■ Aim of the task:
The line containing "Pearl Heart Drop Earrings" marks the end: quote every line from the start of the records below through it, word for word.

■ Given information:

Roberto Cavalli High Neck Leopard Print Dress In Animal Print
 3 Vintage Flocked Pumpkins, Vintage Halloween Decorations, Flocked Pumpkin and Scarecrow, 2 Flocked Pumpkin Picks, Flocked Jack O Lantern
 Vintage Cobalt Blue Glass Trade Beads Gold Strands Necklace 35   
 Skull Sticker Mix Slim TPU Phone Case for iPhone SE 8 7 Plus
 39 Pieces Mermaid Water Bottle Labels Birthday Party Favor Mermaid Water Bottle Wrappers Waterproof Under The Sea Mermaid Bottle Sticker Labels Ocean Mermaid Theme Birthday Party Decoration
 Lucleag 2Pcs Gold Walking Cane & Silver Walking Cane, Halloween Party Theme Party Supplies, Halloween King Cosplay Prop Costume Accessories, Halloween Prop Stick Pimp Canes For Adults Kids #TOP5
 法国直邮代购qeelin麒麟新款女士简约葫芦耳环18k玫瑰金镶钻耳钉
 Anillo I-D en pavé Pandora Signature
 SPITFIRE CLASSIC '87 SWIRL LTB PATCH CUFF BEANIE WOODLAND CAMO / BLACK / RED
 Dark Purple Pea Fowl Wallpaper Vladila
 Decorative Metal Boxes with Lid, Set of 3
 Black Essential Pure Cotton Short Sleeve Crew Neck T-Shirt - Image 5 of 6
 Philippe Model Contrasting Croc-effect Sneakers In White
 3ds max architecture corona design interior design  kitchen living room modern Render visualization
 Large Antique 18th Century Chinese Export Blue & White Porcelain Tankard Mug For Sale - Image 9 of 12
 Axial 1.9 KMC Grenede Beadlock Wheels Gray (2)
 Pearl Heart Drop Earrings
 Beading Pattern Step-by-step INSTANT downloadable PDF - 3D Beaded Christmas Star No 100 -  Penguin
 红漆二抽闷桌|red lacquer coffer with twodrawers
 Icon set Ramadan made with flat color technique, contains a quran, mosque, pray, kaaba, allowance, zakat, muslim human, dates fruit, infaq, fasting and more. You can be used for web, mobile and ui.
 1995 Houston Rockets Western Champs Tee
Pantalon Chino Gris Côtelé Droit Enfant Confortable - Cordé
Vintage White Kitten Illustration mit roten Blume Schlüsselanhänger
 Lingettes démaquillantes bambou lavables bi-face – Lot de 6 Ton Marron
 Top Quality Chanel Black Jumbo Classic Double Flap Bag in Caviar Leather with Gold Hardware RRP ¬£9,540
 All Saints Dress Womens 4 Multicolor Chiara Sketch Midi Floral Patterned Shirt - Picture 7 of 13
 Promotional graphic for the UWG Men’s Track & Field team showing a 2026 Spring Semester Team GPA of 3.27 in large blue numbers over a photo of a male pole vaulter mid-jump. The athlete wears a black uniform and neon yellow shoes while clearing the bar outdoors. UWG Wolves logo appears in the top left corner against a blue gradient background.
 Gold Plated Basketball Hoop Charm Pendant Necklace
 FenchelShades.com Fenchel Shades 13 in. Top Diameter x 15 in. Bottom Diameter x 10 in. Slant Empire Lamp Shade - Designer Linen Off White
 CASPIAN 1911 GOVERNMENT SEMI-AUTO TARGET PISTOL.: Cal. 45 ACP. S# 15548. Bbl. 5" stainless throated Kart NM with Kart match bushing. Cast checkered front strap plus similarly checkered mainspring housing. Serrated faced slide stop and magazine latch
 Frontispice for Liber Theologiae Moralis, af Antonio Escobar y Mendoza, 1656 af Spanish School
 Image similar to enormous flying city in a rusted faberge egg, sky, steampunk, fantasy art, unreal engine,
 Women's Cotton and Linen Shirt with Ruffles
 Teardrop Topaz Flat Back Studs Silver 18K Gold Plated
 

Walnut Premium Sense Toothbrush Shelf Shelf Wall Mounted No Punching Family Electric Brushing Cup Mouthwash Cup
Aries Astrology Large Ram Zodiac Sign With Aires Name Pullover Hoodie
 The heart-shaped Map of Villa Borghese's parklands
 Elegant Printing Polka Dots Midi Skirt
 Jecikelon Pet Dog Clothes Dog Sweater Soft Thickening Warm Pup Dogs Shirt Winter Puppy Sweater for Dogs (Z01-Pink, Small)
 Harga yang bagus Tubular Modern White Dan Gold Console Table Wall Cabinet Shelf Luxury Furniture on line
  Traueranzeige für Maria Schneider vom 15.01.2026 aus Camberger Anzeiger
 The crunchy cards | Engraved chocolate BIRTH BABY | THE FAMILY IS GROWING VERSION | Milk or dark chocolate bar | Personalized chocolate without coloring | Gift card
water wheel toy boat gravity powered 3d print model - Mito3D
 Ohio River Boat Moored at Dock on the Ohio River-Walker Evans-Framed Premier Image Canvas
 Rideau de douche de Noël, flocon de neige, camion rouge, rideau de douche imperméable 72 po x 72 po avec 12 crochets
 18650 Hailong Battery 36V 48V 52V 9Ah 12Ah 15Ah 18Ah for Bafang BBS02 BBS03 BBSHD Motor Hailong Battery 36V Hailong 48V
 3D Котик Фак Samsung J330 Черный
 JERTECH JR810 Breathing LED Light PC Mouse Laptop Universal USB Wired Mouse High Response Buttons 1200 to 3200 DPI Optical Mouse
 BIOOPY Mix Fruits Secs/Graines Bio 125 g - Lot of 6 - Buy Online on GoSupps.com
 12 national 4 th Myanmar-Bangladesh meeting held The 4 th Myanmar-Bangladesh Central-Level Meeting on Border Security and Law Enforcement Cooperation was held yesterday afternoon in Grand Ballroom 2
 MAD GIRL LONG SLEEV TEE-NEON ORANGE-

■ Response to this task:
Roberto Cavalli High Neck Leopard Print Dress In Animal Print
 3 Vintage Flocked Pumpkins, Vintage Halloween Decorations, Flocked Pumpkin and Scarecrow, 2 Flocked Pumpkin Picks, Flocked Jack O Lantern
 Vintage Cobalt Blue Glass Trade Beads Gold Strands Necklace 35   
 Skull Sticker Mix Slim TPU Phone Case for iPhone SE 8 7 Plus
 39 Pieces Mermaid Water Bottle Labels Birthday Party Favor Mermaid Water Bottle Wrappers Waterproof Under The Sea Mermaid Bottle Sticker Labels Ocean Mermaid Theme Birthday Party Decoration
 Lucleag 2Pcs Gold Walking Cane & Silver Walking Cane, Halloween Party Theme Party Supplies, Halloween King Cosplay Prop Costume Accessories, Halloween Prop Stick Pimp Canes For Adults Kids #TOP5
 法国直邮代购qeelin麒麟新款女士简约葫芦耳环18k玫瑰金镶钻耳钉
 Anillo I-D en pavé Pandora Signature
 SPITFIRE CLASSIC '87 SWIRL LTB PATCH CUFF BEANIE WOODLAND CAMO / BLACK / RED
 Dark Purple Pea Fowl Wallpaper Vladila
 Decorative Metal Boxes with Lid, Set of 3
 Black Essential Pure Cotton Short Sleeve Crew Neck T-Shirt - Image 5 of 6
 Philippe Model Contrasting Croc-effect Sneakers In White
 3ds max architecture corona design interior design  kitchen living room modern Render visualization
 Large Antique 18th Century Chinese Export Blue & White Porcelain Tankard Mug For Sale - Image 9 of 12
 Axial 1.9 KMC Grenede Beadlock Wheels Gray (2)
 Pearl Heart Drop Earrings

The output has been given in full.